Jun 24, 2026·4 min read

Electric-vehicle maker Lucid Group is shrinking again. In a filing with the Securities and Exchange Commission on Monday, June 22, the company said it will cut roughly 18% of its U.S. workforce — about 1,500 jobs — and eliminate the role of chief operating officer as it scrambles to slow its cash burn and match production to weak demand. It is the second round of deep cuts this year, following a 12% reduction in February, and the first major move by new chief executive Silvio Napoli, who took the top job on June 1.

The reductions hit full-time employees, contractors and hourly factory workers, and come paired with a decision to eliminate the second production shift at Lucid’s AMP-1 plant in Casa Grande, Arizona, its largest factory. The company expects about $32 million in one-time severance and transition charges and roughly $158 million in annual savings once the plan is finished, which it expects by the end of the third quarter. “These are difficult decisions taken to align production with demand, reduce inventory, and adapt to declining market conditions,” a Lucid spokesperson said.

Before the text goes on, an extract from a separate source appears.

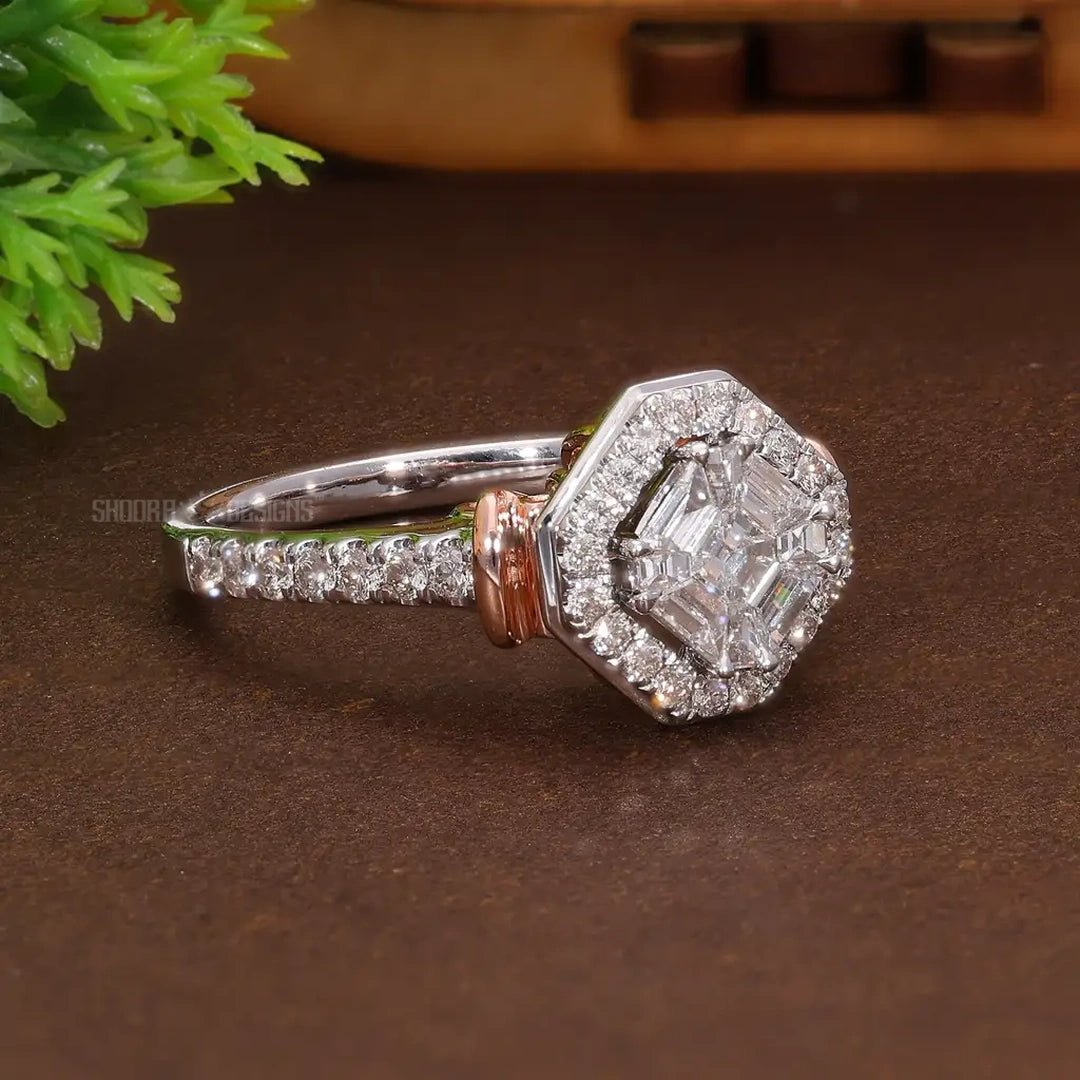 Two Tone Hexagon Shaped Asscher Cut Illusion Halo Pave Engagement Ring in Natural Diamond – 14K Solid Gold, Handmade Bridal Jewelry, Halo Pave Pie - Cut Wedding Ring For Women - Shoora Designs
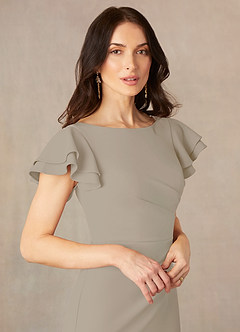 Azazie Peppermint Mother of the Bride Dresses Taupe Mermaid Scoop Ruched Stretch Crepe Dress image3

The same filing confirmed that chief operating officer Marc Winterhoff is leaving immediately, with his role scrapped entirely. Winterhoff had served as interim CEO for more than a year before Napoli, a former chairman and chief executive of Swiss elevator maker Schindler Group, took over. His exit adds to a long run of departures in Lucid’s executive ranks and underscores how sharply the new boss is reshaping the company in his first weeks.

The cuts reflect a brutal stretch. Lucid lost about $2.7 billion in 2025 on revenue of just $1.35 billion, and burned through roughly $3.8 billion in cash. In the first quarter of 2026, revenue rose about 20% from a year earlier to $282 million, but the company produced 5,500 vehicles while delivering only 3,093, leaving costly inventory on the ground, and its gross margin ran deeply negative. Lucid has suspended its 2026 production guidance — once set at 25,000 to 27,000 vehicles — and says it will give a fresh outlook at its second-quarter earnings. It started the year with roughly 9,000 employees worldwide.

Investors have already punished the stock. Lucid shares fell about 4% on Monday to around $5, and are down roughly 50% in 2026, trading near a 52-week low of $4.47 after touching $33.70 over the past year. Wall Street is cautious but not hopeless: of 11 analysts tracked by TheStreet, eight rate the stock a hold, two a sell and one a buy, with an average 12-month price target near $9.75 — a figure that implies large upside only if Napoli’s turnaround takes hold.

Lucid’s troubles are partly its own and partly the industry’s. U.S. EV demand has cooled after the $7,500 federal tax credit was eliminated under the Trump administration and several major automakers pulled back their electric plans. Survival has leaned heavily on Saudi Arabia’s Public Investment Fund, Lucid’s majority owner, which has poured in billions. The company is betting its future on two coming mass-market models — the Cosmos crossover, expected to start near $50,000 and rival the Tesla Model Y, and the larger Earth — along with a robotaxi partnership with Uber and Nuro slated to launch later this year.

For now, the message from Napoli is retrenchment. By cutting headcount, idling a shift and stripping out a layer of management, Lucid is buying time to reach the mass-market launches it hopes will finally bring scale. Whether that is enough to outrun the cash burn — without leaning even harder on its Saudi backer — is the question investors will be asking when the company reports second-quarter results.